• Data for this task
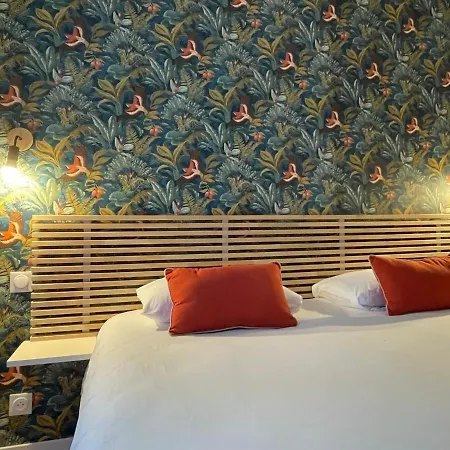 酒店 迪娜努瓦尔穆捷酒店 3*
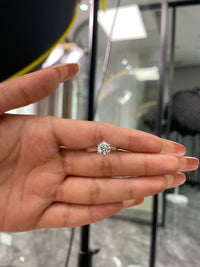 For Gloria platinum, 1.06ct main stone, D/VVS2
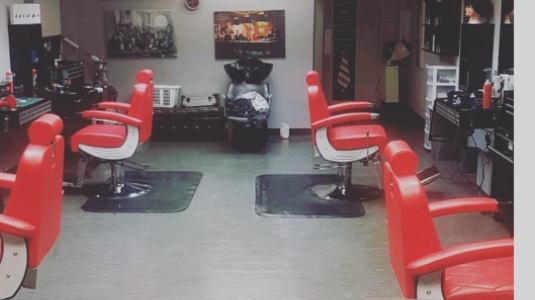 Mr. Barber | 1521 50 St NW, Edmonton, AB T6L 7C9, Canada | Phone: (780) 469-0779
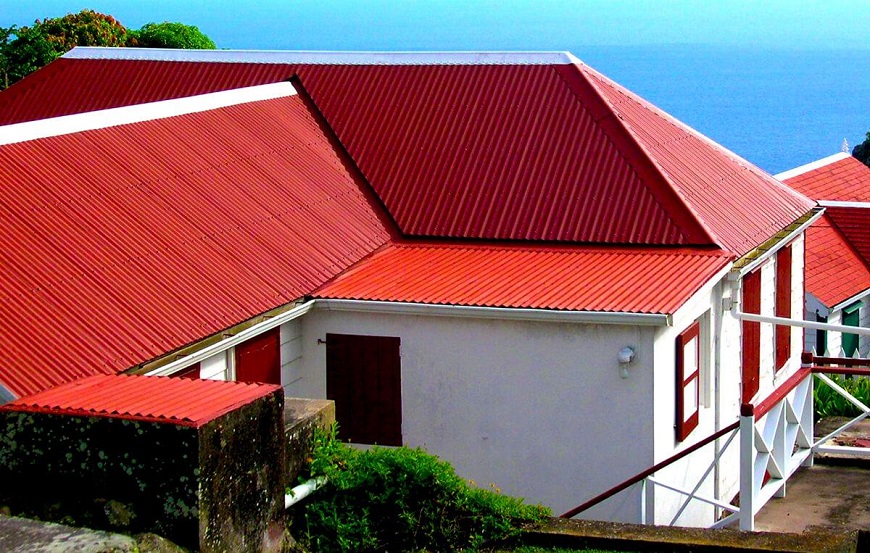 Tôn lợp mái với độ dày dao động 3 - 4.5 zem là lựa chọn lý tưởng cho nhà ở dân dụng 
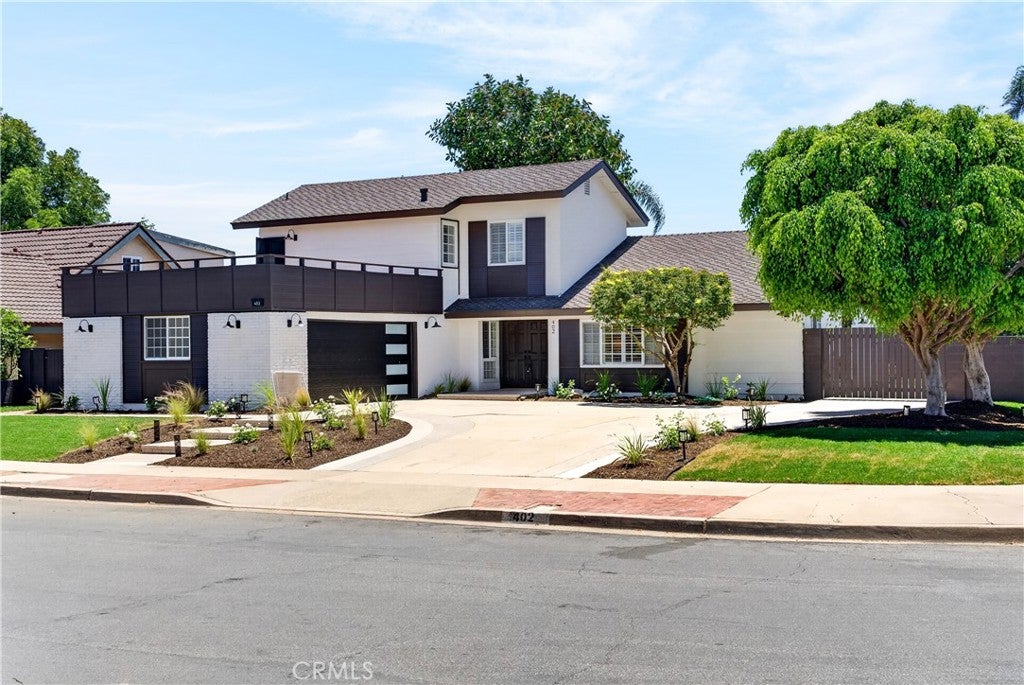 402 Hillcrest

• Work instruction
Beginning with the line that contains "For Gloria platinum, 1.06ct" and ending with the last line of the data, transcribe each line exactly; pictures stay out.

• Response box
 For Gloria platinum, 1.06ct main stone, D/VVS2
 Mr. Barber | 1521 50 St NW, Edmonton, AB T6L 7C9, Canada | Phone: (780) 469-0779
 Tôn lợp mái với độ dày dao động 3 - 4.5 zem là lựa chọn lý tưởng cho nhà ở dân dụng 
 402 Hillcrest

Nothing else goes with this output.